La preuve? Les chiffres qu’elle a exhibés comme des trophées :
5,2 millions d’abonnés aux plateformes numériques du CH.
170 millions de visionnements de contenu la saison dernière.
900 millions d’impressions générées.
Et surtout : le succès de la série La reconstruction, diffusée sur Crave, qui aurait été le contenu le plus performant de la plateforme.
C’est un aveu à peine voilé : Bell est déjà dans la place. Crave a déjà testé le terrain. Amazon guette. Apple rôde. TVA, lui, reste sur le trottoir.
Les murmures sont devenus des certitudes : RDS, longtemps humilié par la perte des droits nationaux au profit de TVA Sports en 2014, va retrouver son trône en 2026.
Selon plusieurs sources, RDS diffusera entre 40 et 50 matchs du Canadien chaque saison. Mais le véritable triomphe réside ailleurs : les séries éliminatoires reviendront à RDS.
Ce détail change tout. Car les séries, ce sont les codes d’écoute massifs. Les revenus publicitaires colossaux. L’impact culturel. L’effet rassembleur. TVA Sports avait bâti son identité sur les samedis soirs et les séries. Privée de ça, la chaîne de Québecor devient une coquille vide.

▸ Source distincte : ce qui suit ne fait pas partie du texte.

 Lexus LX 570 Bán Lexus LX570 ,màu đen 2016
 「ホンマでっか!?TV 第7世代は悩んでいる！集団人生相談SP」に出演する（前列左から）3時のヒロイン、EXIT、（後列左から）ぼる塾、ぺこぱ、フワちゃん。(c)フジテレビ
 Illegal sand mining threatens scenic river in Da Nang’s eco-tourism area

Comme l’écrit un analyste : peu importe que ce soit 40, 45 ou 50 matchs. Ce qui compte, c’est que RDS survit. TVA, non.
Bell Média a un plan. Et il est implacable.

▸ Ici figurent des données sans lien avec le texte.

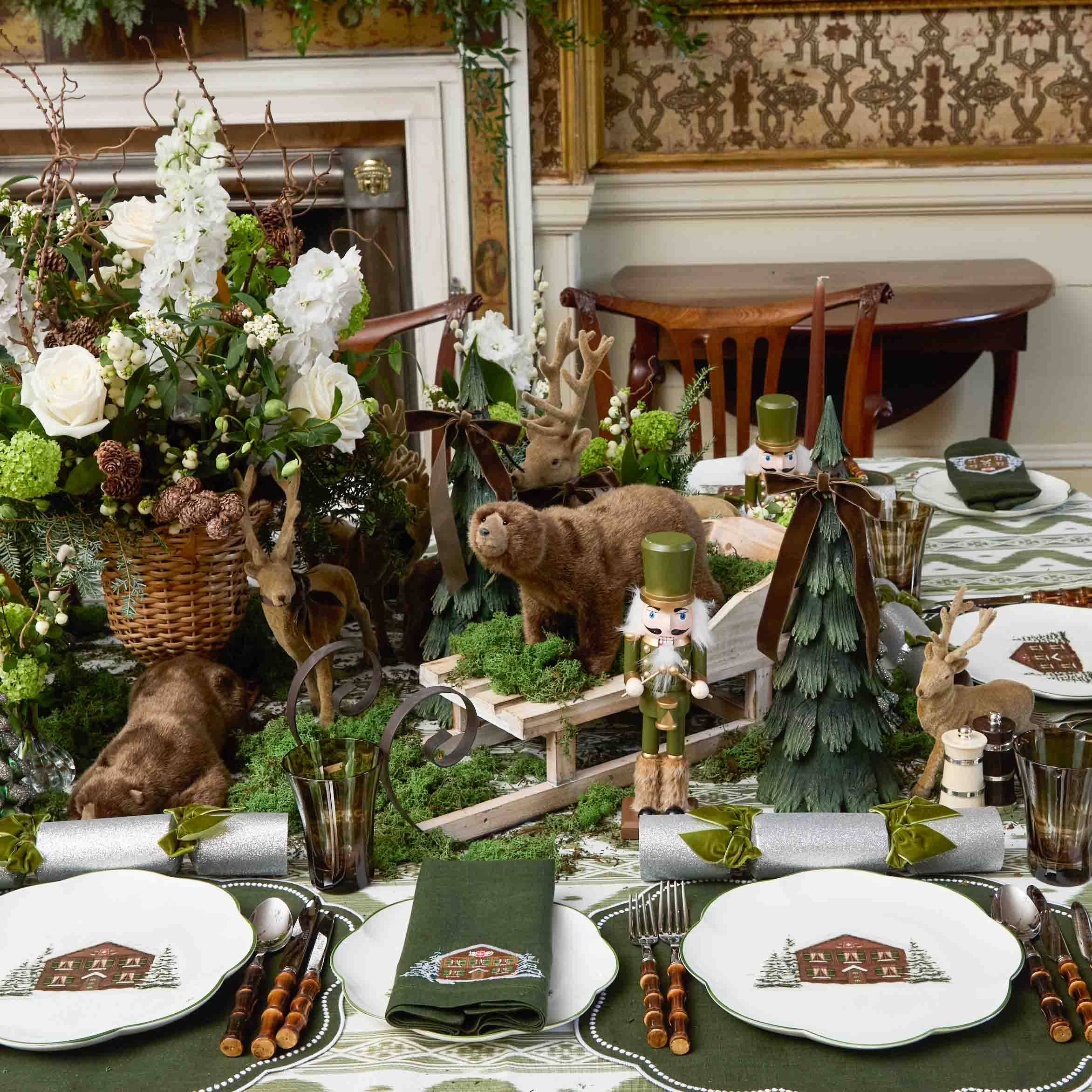 Eloise Forest Green Linen Placemats & Chalet Napkins (Set of 4)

RDS garde le volet télé linéaire, l’ancrage traditionnel pour un public encore attaché au câble.
Crave, plateforme de streaming de Bell, hérite de plusieurs matchs exclusifs, en direct.
Amazon Prime Video arrive comme partenaire stratégique, capable de financer une partie du contrat pharaonique et de donner une portée mondiale.
Apple TV+ reste attentif.
Dans ce triangle Bell-Amazon-Apple, il n’y a tout simplement pas de place pour TVA Sports. Québecor n’a pas les moyens. Pas la technologie. Pas l’alliance.
Le scénario le plus cynique prend forme : TVA Sports ne sera pas totalement écarté. Pas par respect. Pas par équité. Mais par stratégie de communication.
Le Canadien de Montréal, soucieux d’occuper tous les espaces médiatiques possibles, ne veut pas voir disparaître un diffuseur qui, malgré ses échecs, a contribué à maintenir la conversation quotidienne autour de l’équipe.
Alors, selon plusieurs sources, TVA Sports recevra peut-être quelques matchs. Une poignée de parties sans grand prestige, quelques samedis soirs en saison régulière, histoire de dire que la chaîne existe encore. Des miettes. Rien de plus.
Mais quelle ironie cruelle : la survie de TVA Sports ne tiendrait plus qu’à des restes gracieusement abandonnés par Bell et Rogers.
Une charité médiatique, une pitié stratégique destinée non pas à sauver une chaîne, mais à préserver la présence du Canadien dans le plus de foyers possible.
C’est la logique du “mieux vaut un diffuseur agonisant qu’aucun diffuseur du tout”. TVA Sports deviendrait alors un fantôme, une coquille vide, maintenue en vie artificiellement pour que le CH continue d’être commenté, analysé, débattu dans tous les salons.
Le coup est d’autant plus brutal qu’il ne s’agit pas seulement d’un revers commercial. C’est une humiliation personnelle pour Pierre Karl Péladeau.
Lors de l’assemblée annuelle des actionnaires, il avait lâché cette phrase glaçante :
« Il ne faut pas continuer à investir de l’argent sain dans une entreprise déficitaire. TVA Sports est actuellement dans une telle situation. »
Un aveu d’échec. Le gladiateur des médias québécois, celui qui avait juré de tenir tête à Bell, baisse les armes.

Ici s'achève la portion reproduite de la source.